After spending about 14 years in the corporate sector, he decided to follow this passion and start a triathlon coaching company—Tri A New Life—and develop the sport in India. He also set up a technology platform for the coaching company, Yoska, and a triathlon academy to scale up and support a much larger audience across India. He is a qualified and accredited coach for running, cycling, swimming and personal fitness; he has successfully completed 13 Ironman triathlons till date, with a personal best time of 10 hours, 19 minutes and 8 seconds. He now works closely with an extended team of like-minded and passionate people to drive the progress of triathlon in India and support the growing triathlon community in the country.
If you are aspiring to be an Ironman athlete, head to the weight room. Apart from training in swimming, cycling and running, it is necessary to work on your strength. Says Jaimielle: “Athletes must be consistent with deadlifting, squats, explosive movements, lunges and exercises for core conditioning. Strength plays a key role in endurance training. Hitting the gym, at least thrice a week helps to maintain muscular balance and function as well as help in controlling the posture. For an athlete, four things that are key in training are—mobility, flexibility, strength and power.”
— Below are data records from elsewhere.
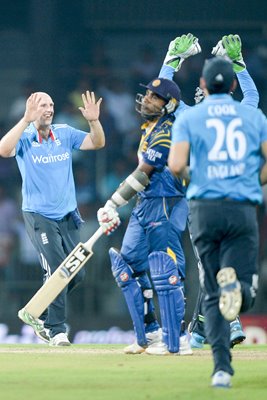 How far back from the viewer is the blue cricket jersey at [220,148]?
709 centimetres

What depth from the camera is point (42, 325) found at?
10.2 meters

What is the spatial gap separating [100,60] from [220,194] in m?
8.44

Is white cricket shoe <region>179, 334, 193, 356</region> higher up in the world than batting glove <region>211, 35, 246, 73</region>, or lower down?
lower down

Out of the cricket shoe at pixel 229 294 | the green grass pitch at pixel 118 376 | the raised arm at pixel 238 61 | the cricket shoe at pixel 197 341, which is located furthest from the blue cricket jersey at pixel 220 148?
the cricket shoe at pixel 197 341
Most times, athletes tend to put strength training on the back burner. Gym workout is a massive component of training. According to Jaimielle, more strength means more efficiency. “Strength training not only enhances muscular endurance but also aids quick recovery after the event. Apart from strength training, it is also important that the athletes are given some mental conditioning too. At the end of the day, the mentality of the individual is what determines the result. Athletes need to understand that it is not about finishing first; it is about completing the race,” she says.
Train till you drain?
In the process of training for the event, there are chances that the athletes tend to overdo training and get exhausted—both physically and mentally. According to Deepak, athletes, especially amateurs, should keep in mind that they get adequate rest throughout the preparation period and solid rest before and after the event. “After the race, it is necessary to give the body some recovery time. At the end of the day it is not about winning or losing, it is about staying fit and healthy,” he says.
A certain amount of fatigue is expected during the training period as well as the event. But the problem is when the fatigue persists for a longer period of time. “Most coaches make you push forward sometimes and ask you to be mentally strong and stick to the training. But when you feel tired, it is necessary to take a break but not by completely stopping your routine. Instead try doing minimal or light activity during this time,” says Jaimielle.
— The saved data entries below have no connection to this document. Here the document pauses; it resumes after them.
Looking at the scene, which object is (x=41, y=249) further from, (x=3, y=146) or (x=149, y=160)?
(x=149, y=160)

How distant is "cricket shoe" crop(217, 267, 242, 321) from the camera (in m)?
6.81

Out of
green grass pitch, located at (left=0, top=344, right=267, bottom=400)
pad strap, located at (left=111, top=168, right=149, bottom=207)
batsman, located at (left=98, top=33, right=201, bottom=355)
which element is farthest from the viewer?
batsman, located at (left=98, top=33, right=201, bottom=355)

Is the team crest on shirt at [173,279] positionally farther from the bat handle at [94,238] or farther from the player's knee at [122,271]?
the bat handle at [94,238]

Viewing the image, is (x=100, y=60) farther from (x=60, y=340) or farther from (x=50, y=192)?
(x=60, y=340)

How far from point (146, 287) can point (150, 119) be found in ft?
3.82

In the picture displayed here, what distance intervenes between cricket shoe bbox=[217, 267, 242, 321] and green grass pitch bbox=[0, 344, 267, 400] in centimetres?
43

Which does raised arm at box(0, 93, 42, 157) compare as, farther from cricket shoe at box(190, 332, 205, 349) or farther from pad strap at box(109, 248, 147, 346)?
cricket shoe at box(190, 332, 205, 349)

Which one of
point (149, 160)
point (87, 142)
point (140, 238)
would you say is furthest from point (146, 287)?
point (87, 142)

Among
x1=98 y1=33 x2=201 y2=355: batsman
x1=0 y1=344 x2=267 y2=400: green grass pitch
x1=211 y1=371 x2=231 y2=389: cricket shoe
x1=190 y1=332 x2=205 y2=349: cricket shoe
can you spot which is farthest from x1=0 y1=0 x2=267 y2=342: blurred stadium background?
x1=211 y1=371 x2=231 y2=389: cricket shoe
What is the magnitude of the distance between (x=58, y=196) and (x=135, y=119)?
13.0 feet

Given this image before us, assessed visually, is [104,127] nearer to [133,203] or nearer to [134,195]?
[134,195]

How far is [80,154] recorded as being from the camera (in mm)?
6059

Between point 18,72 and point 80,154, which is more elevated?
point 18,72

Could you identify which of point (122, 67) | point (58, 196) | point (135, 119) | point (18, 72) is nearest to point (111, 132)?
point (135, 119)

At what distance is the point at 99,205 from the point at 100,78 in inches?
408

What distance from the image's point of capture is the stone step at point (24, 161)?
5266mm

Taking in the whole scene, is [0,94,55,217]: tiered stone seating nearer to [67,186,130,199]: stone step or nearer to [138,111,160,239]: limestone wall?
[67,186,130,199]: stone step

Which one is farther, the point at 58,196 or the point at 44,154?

Body needs sufficient fuel, especially when you are taking part in endurance sports. “When it comes to Ironman or any sport for that matter, nutrition and hydration is key. Athletes need to figure out an eating and drinking strategy that would last up to 17 hours; this can be challenging. Usually, athletes eat energy bars, gels and chews after the swim or during the cycling and running course. If you consume too few calories, you may underperform as the body does not have the energy to go on. Athletes should aim to eat 60-90 grams of carbohydrate per hour during the event,” Jaimielle says.
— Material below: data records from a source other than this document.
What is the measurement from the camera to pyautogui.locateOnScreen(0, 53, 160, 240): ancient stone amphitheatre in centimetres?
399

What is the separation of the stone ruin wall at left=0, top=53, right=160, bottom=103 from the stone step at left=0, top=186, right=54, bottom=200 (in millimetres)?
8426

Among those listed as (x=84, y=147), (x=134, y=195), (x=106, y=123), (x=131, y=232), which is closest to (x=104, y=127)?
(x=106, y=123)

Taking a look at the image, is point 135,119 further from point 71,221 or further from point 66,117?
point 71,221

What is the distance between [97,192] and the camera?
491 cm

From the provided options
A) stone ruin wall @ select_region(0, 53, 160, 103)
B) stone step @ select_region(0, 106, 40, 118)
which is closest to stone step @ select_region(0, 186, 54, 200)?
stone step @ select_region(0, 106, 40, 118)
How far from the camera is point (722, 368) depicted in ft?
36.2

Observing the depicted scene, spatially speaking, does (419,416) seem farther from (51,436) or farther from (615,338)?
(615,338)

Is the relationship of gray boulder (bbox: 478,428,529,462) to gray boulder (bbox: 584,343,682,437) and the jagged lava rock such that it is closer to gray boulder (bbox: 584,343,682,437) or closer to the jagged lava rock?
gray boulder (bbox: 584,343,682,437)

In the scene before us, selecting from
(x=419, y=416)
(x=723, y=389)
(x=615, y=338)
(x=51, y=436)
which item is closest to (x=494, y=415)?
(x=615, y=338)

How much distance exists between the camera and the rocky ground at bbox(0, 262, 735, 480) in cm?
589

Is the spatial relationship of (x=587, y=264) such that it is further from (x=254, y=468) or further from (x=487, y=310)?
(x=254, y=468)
According to Nagaraj Harsha, a triathlete and head of brand activation, Fast&Up—a brand of sports nutrition supplements—it is necessary to consume electrolytes (sodium, potassium and magnesium) during the race. “The rate at which a person sweats varies not only with individual but also with regard to the environmental conditions. People not only lose water when they perspire, but also lose electrolytes. Sodium is a critical electrolyte especially for endurance athletes. In hot and humid races athletes require regular intake of electrolytes—about 500-1000mg per hour,” he says.
Even while training, it is necessary to consume a lot nutrient-rich food so as to avoid weakening the body muscles. “Diet is an important part of training. Without proper diet, it is difficult to get the body ready for any sort of endurance sport,” Jaimielle says.
ONE-ON-ONE WITH THE QUEEN OF KONA
A professional triathlete and six-time winner of the Ironman World Championships in Kona, Hawaii, Natascha Badmann is the first European woman to win the Ironman triathlon World Championship. Called the ‘queen of Kona’ by many athletes, she is a social worker in Switzerland. Also nicknamed, ‘Swiss miss’, Natascha won her first challenge when she was 29. She is coached by husband Toni Hasler, who is also her nutritionist. In an exclusive interview, Natascha talks about her journey into the world of triathlon:
When was the first time you took part in the event? Did you have prior experience of running marathons?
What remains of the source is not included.